Central Intelligence will also star Ed Harris and Johnny Flynn and follow the true story of CIA officer Eloise Page, played by Cattrall, who joined the agency on its first day in 1947.
She became one of the male-dominated agency’s most powerful leaders, and the 10-part series will examine her relationships with early CIA leaders Allen Dulles, played by Harris, and Richard Helms, played by Flynn.
Speaking about her role in the drama, Cattrall said: “I was pleased to be asked to join BBC Radio 4’s Central Intelligence.
“A very well-written, factual and entertaining history of the Central Intelligence Agency from its uncertain inception.
“A human story full of false starts, gaffes, blunders, and thankfully triumphs on the world stage.

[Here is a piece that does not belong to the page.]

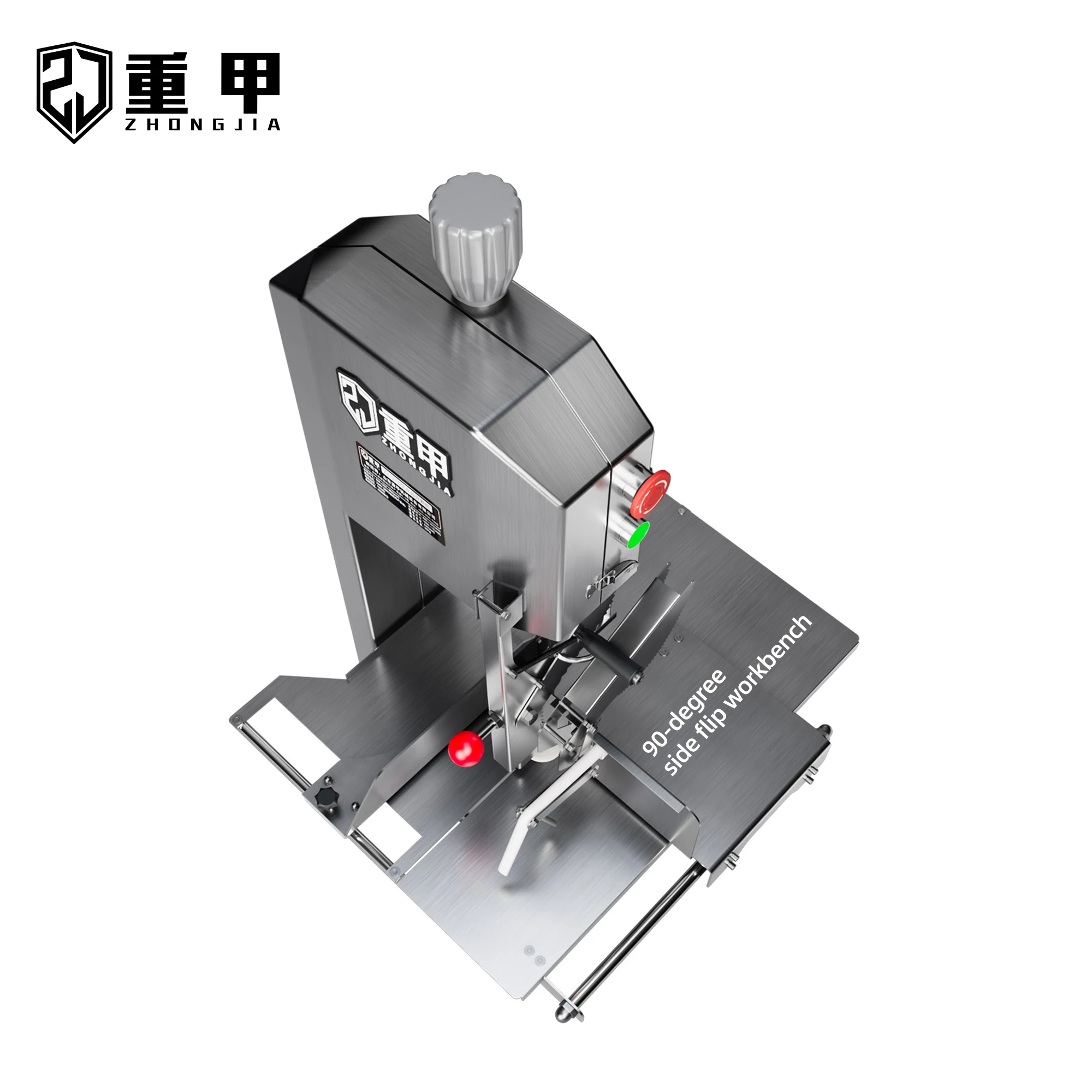 1500W Stainless Steel Blade Table Top Bone Saw Machine Commercial Kitchen Equipment For Frozen Meat/Bone Cutting Meat Slicer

“A thrilling story of Russian roulette.
“I was engrossed learning the true story of how this vital agency grew and prospered before and during the Cold War.”
Cattrall made her name in the US TV series Sex And The City, in which she played Samantha Jones, and has also starred in films including Police Academy, Star Trek VI: The Undiscovered Country and Big Trouble In Little China.
The series promises to offer listeners a chance to be a fly-on-the-wall for the heated debates and decisions at the CIA that shaped world history, and continue to have ramifications in the present day.
Producers say Page’s story will be told with the “polite but sharp, brutally honest”, questioning mind she was famous for, in an organisation that was long run by a “male, pale and Yale” hierarchy of men.
They said Page is a “compelling witness to the ambitions, values, strengths and weaknesses” of a string of early CIA leaders whose decisions – good and bad – have shaped the world we live in.
The first episode will air on Saturday, September 13, as part of the BBC’s Limelight podcast feed.
Other commissions announced by the BBC include a new adaptation of King Lear starring Richard Wilson, a new dramatisation of Charles Dickens’ Hard Times, and an original drama called Breaking The Rules: A House Called Insanity, starring Anne-Marie Duff.